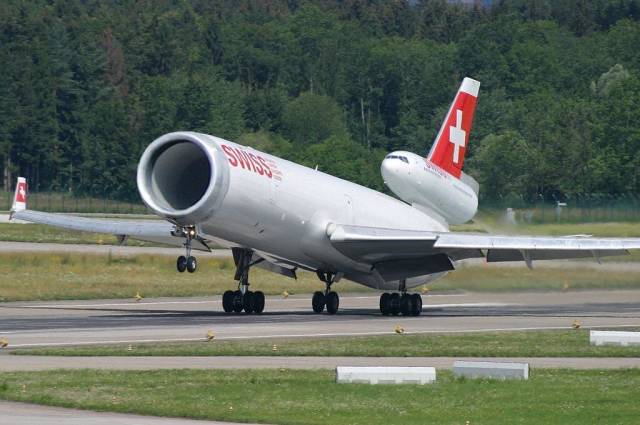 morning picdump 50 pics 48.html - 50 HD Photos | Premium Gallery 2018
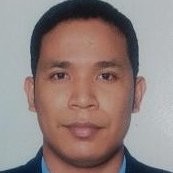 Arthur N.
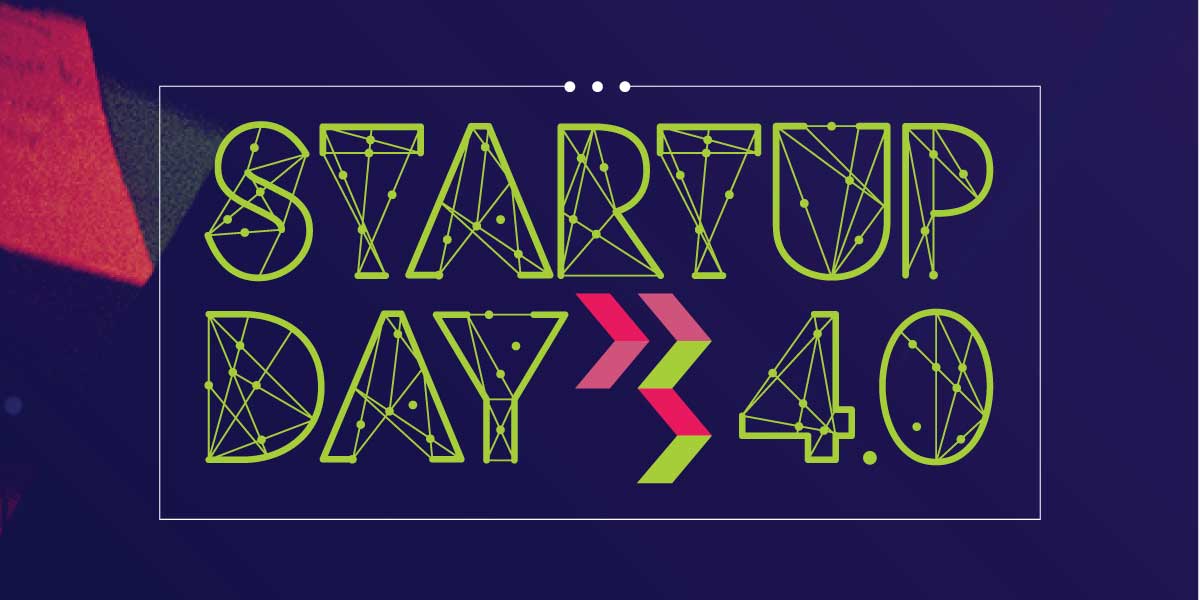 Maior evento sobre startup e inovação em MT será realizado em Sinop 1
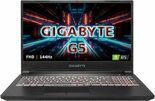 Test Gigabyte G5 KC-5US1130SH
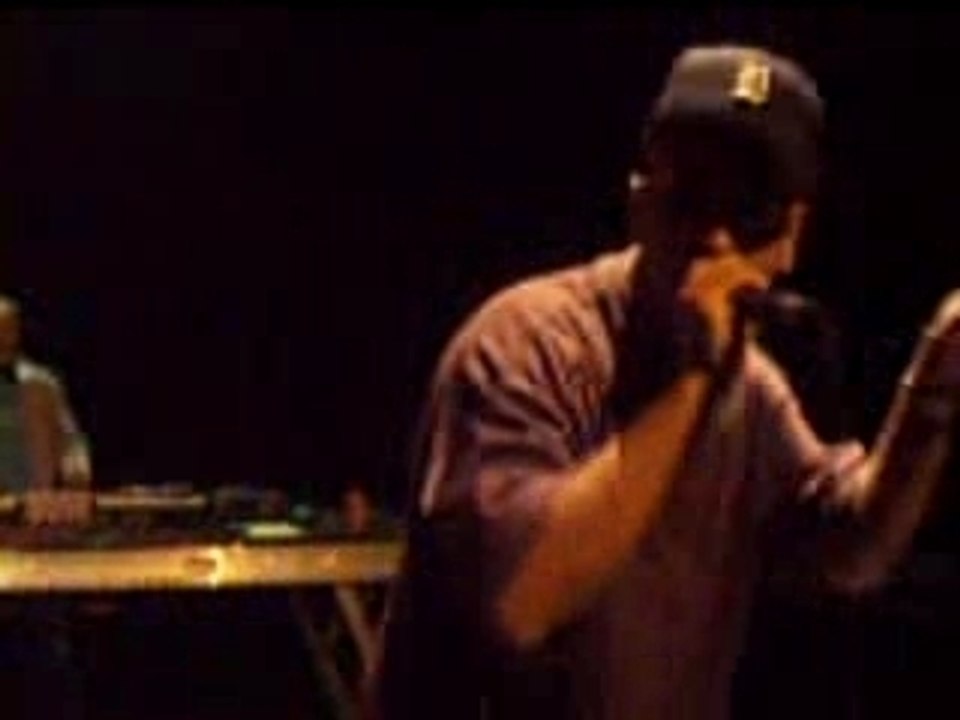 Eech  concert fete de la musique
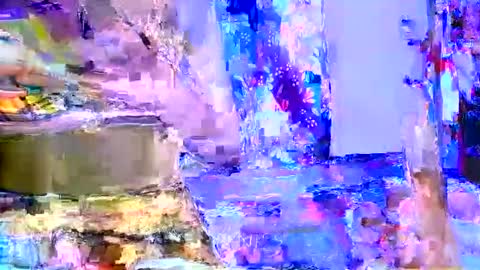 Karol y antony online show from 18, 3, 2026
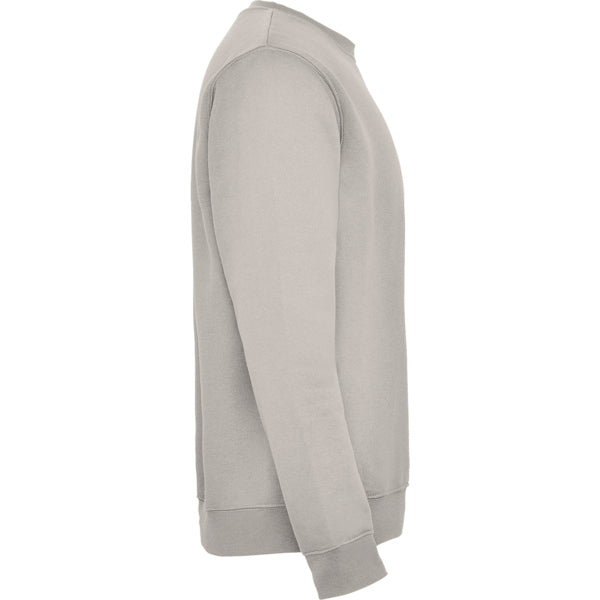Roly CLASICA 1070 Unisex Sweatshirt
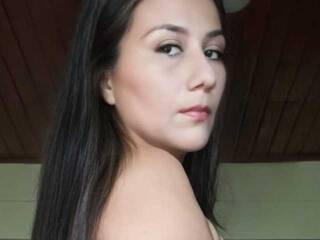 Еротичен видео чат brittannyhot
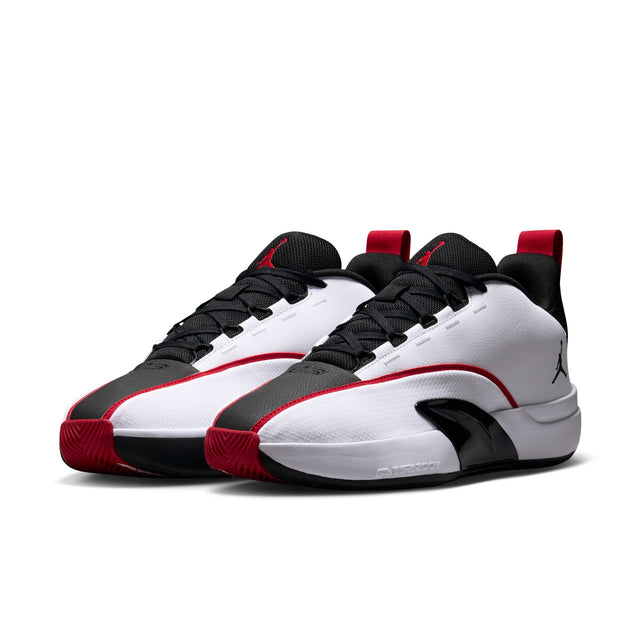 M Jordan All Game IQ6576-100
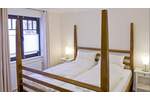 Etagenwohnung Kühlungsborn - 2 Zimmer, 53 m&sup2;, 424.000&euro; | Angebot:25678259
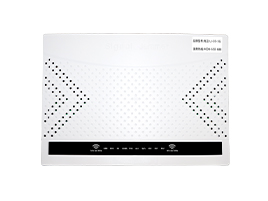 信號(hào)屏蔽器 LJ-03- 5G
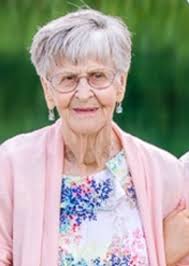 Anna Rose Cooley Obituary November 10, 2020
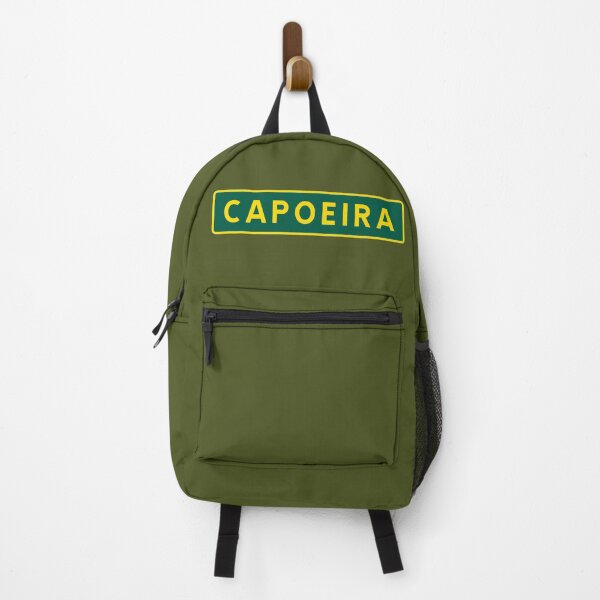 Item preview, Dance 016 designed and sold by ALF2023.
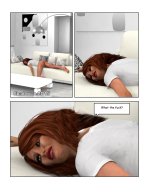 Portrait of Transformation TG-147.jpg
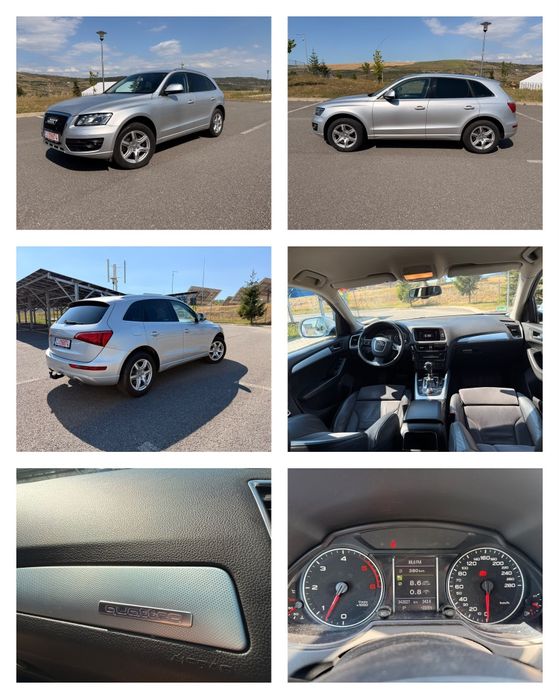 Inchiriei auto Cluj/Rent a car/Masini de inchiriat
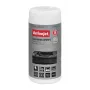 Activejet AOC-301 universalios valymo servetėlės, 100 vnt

• What is required: Where the material above includes pictures, omit them and retype everything else exactly.

• Answer to the problem:
 morning picdump 50 pics 48.html - 50 HD Photos | Premium Gallery 2018
 Arthur N.
 Maior evento sobre startup e inovação em MT será realizado em Sinop 1
 Test Gigabyte G5 KC-5US1130SH
 Eech  concert fete de la musique
 Karol y antony online show from 18, 3, 2026
Roly CLASICA 1070 Unisex Sweatshirt
 Еротичен видео чат brittannyhot
 M Jordan All Game IQ6576-100
 Etagenwohnung Kühlungsborn - 2 Zimmer, 53 m&sup2;, 424.000&euro; | Angebot:25678259
 信號(hào)屏蔽器 LJ-03- 5G
 Anna Rose Cooley Obituary November 10, 2020
 Item preview, Dance 016 designed and sold by ALF2023.
 Portrait of Transformation TG-147.jpg
 Inchiriei auto Cluj/Rent a car/Masini de inchiriat
 Activejet AOC-301 universalios valymo servetėlės, 100 vnt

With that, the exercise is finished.